The task: Within the records below, find the line with "Sun Visor with" and the line with "APLED - Plafón", then reproduce exactly those two lines and all lines between them, without any picture.
━━━ Task input
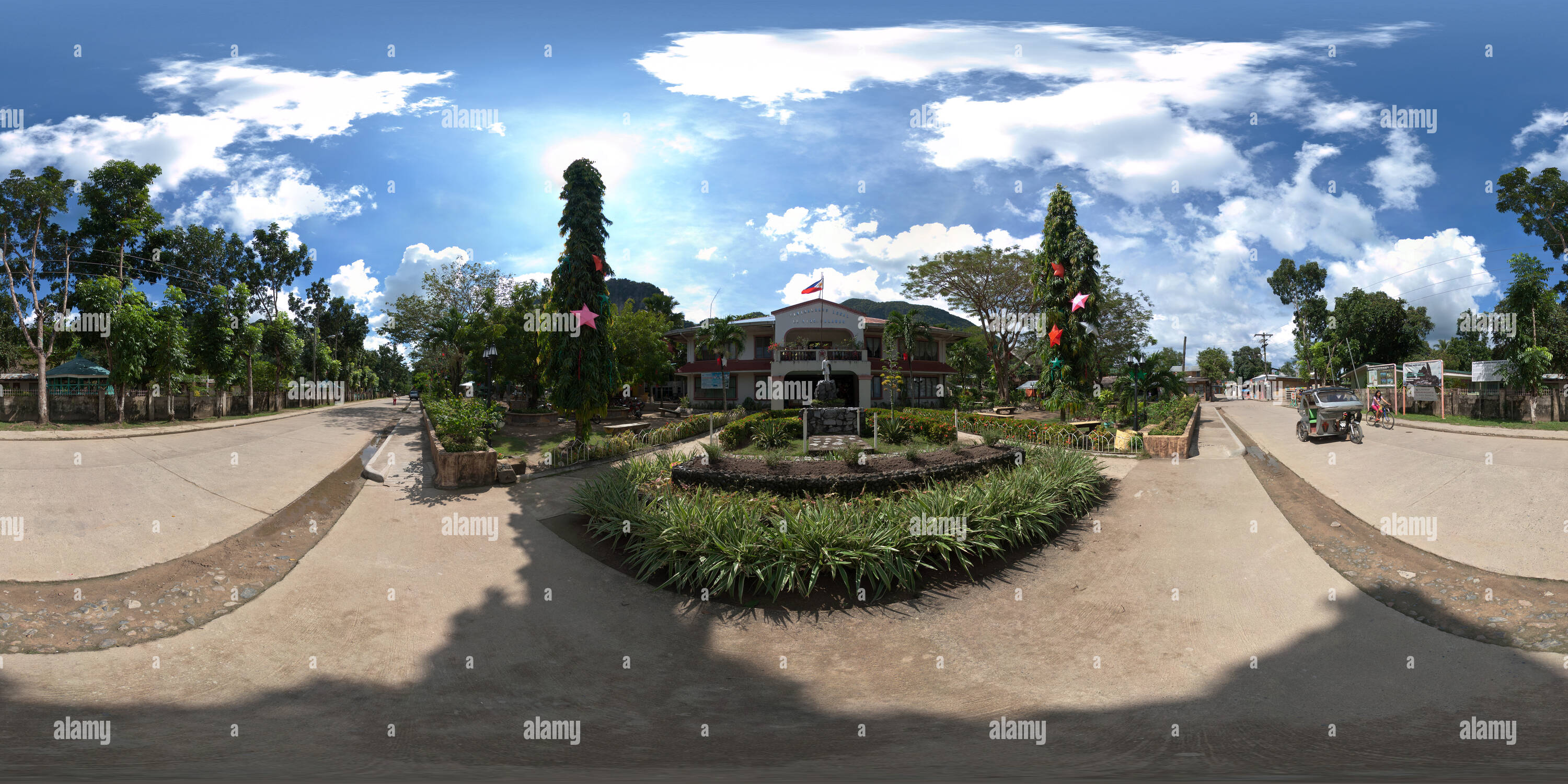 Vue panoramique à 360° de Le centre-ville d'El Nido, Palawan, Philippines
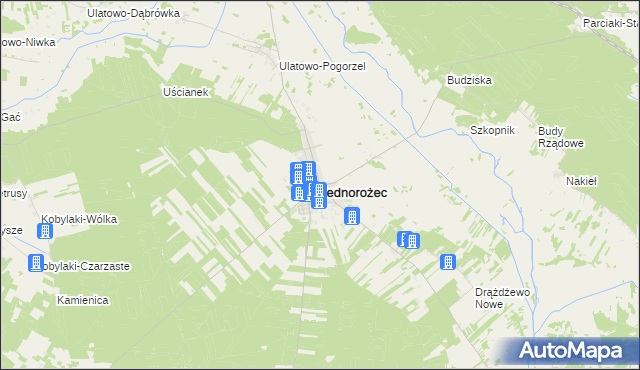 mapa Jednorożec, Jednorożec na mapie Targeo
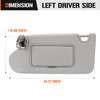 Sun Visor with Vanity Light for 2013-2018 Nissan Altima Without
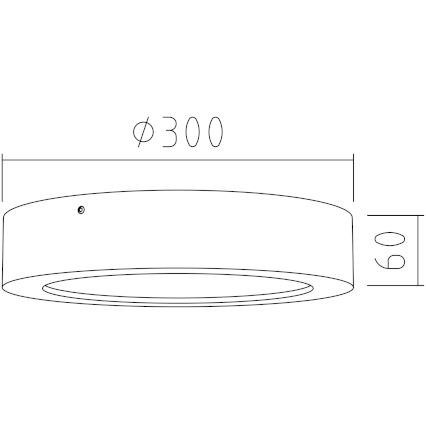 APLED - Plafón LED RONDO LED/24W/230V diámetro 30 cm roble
━━━━━━
━━━ Task input
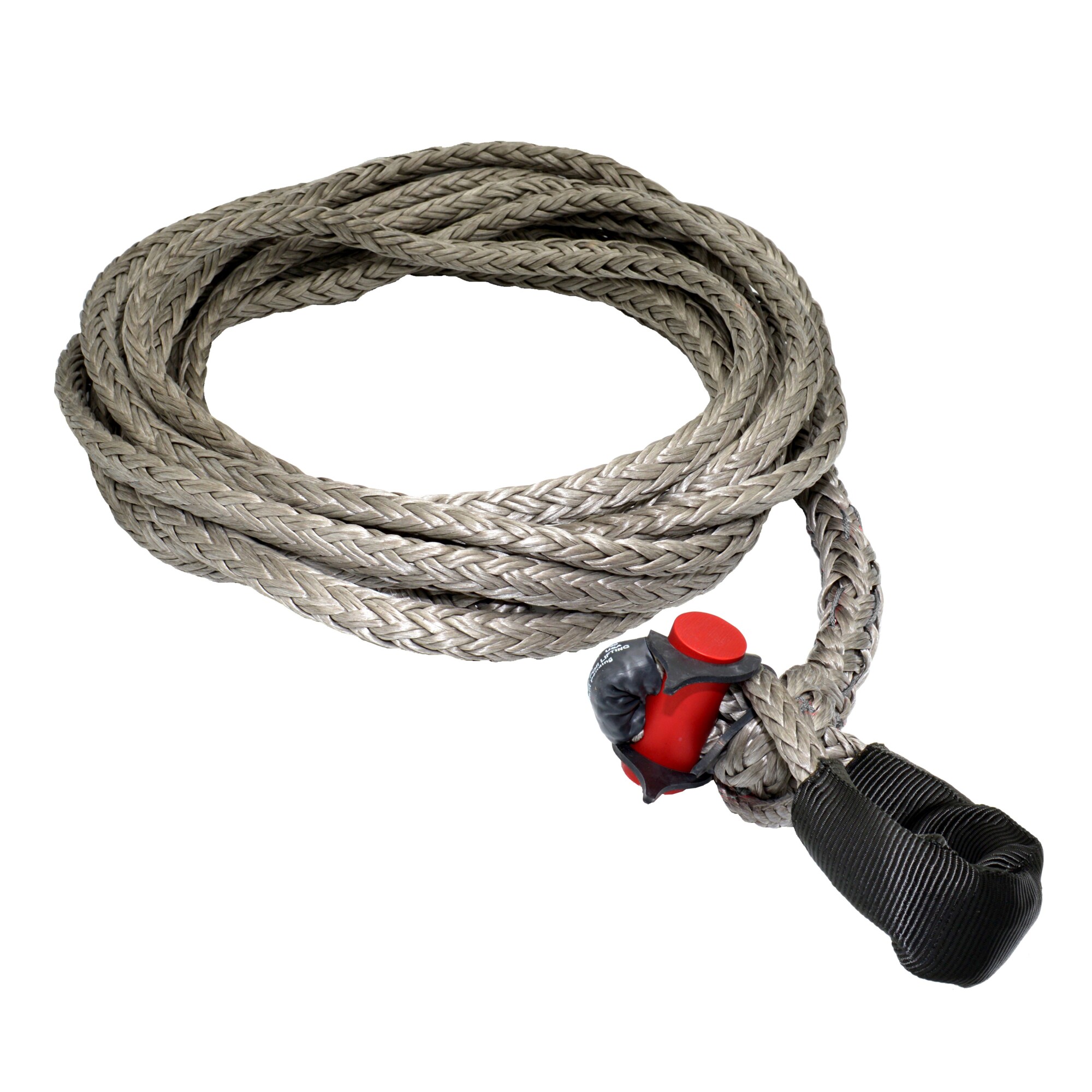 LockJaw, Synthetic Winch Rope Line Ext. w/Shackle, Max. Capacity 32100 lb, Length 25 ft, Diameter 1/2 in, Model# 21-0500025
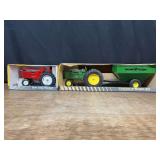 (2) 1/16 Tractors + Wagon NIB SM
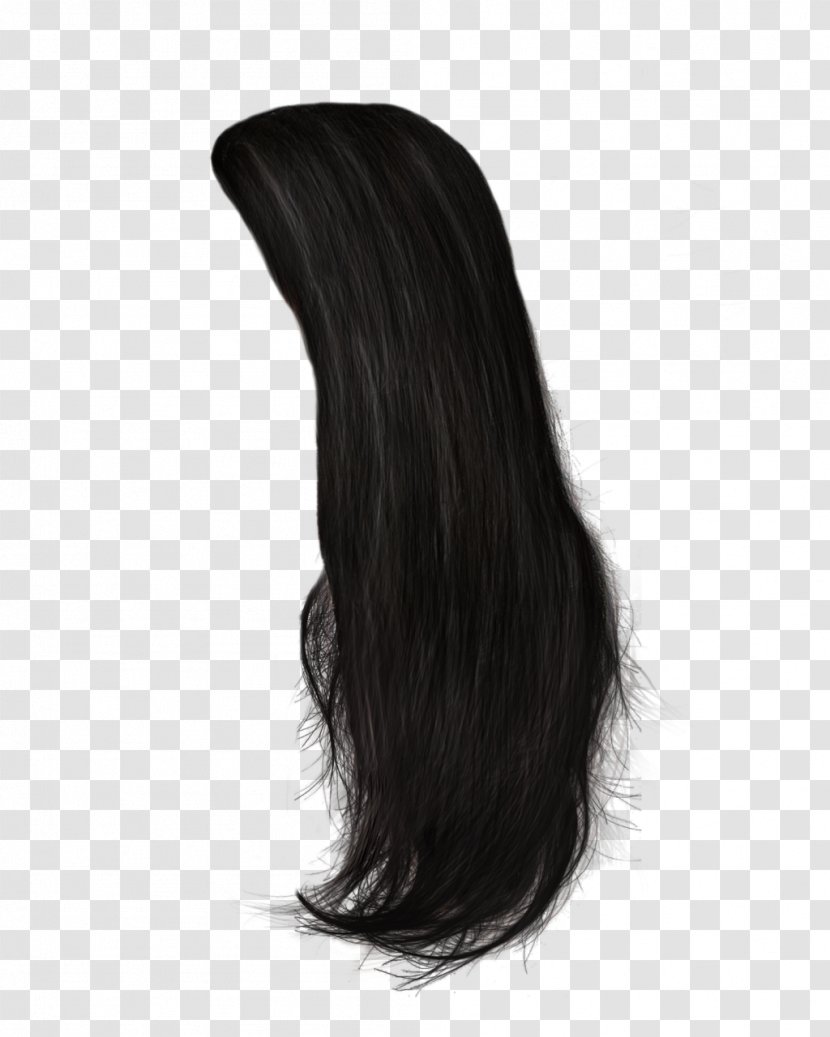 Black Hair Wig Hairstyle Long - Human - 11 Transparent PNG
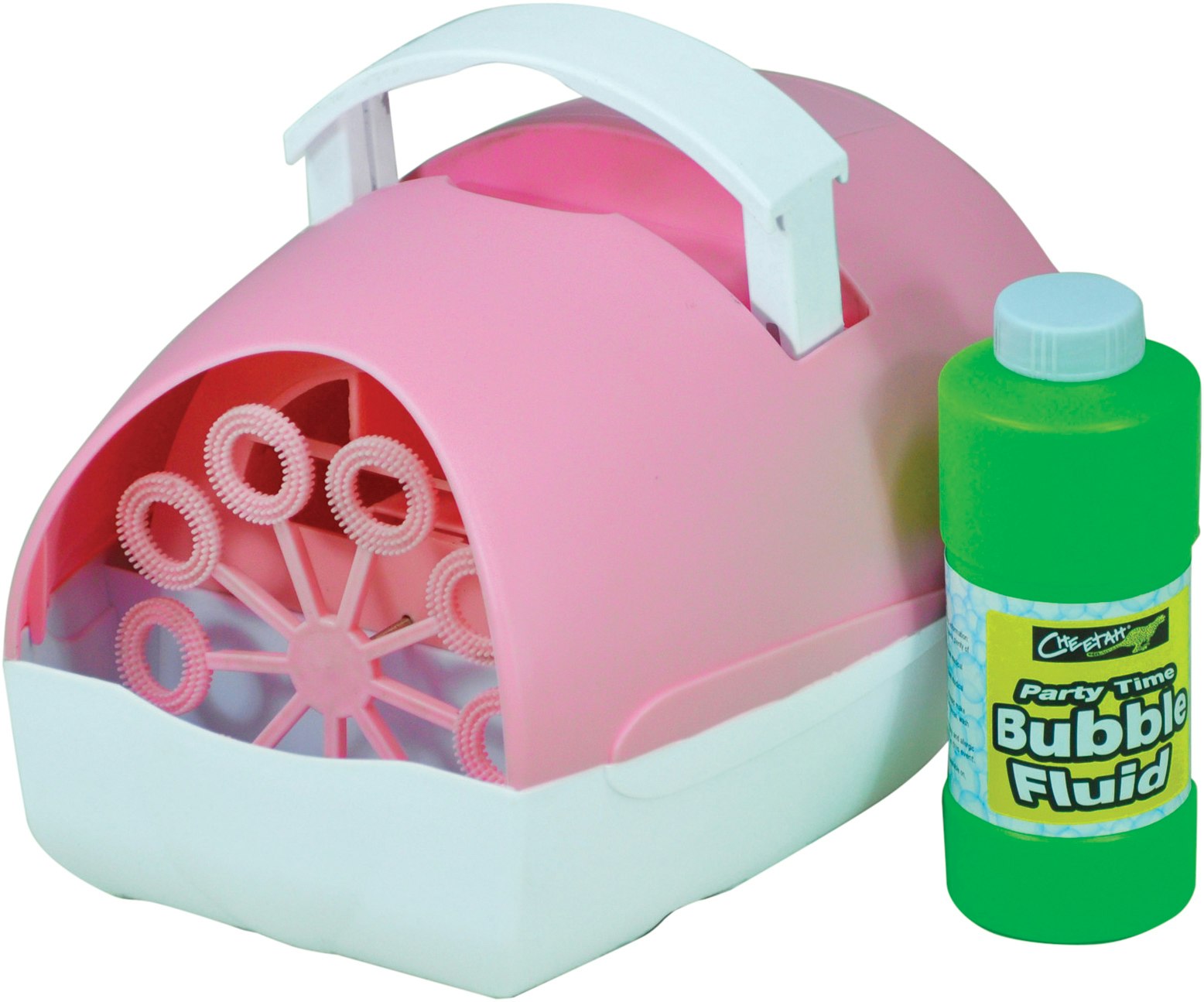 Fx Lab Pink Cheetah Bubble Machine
━━━━━━
Response to the task:
 Sun Visor with Vanity Light for 2013-2018 Nissan Altima Without
 APLED - Plafón LED RONDO LED/24W/230V diámetro 30 cm roble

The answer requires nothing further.